About this exercise
I would like the lines below, from the one with "Marshall Excelsior Propane" through the one with "Кулиса МКПП / АКПП", copied exactly and without any pictures.

Source material
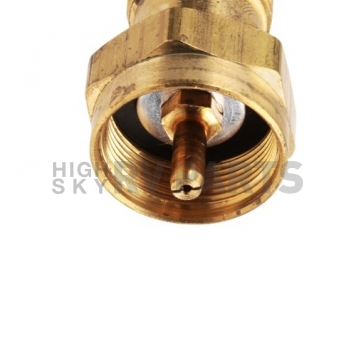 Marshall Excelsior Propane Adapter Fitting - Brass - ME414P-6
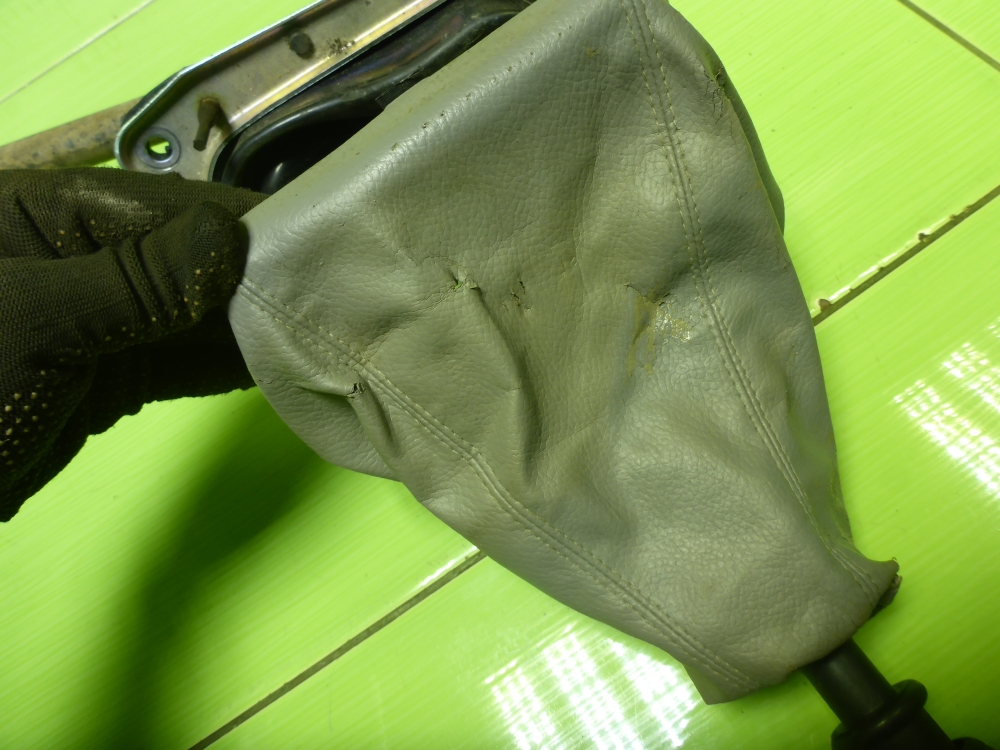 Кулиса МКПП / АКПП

--

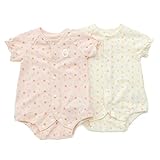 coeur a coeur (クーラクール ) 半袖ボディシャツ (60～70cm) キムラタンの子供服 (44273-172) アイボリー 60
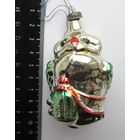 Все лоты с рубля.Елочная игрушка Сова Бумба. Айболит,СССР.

...

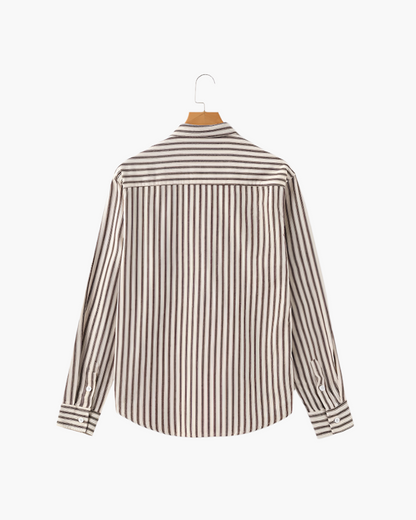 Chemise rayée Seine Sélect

Response below
 Marshall Excelsior Propane Adapter Fitting - Brass - ME414P-6
 Кулиса МКПП / АКПП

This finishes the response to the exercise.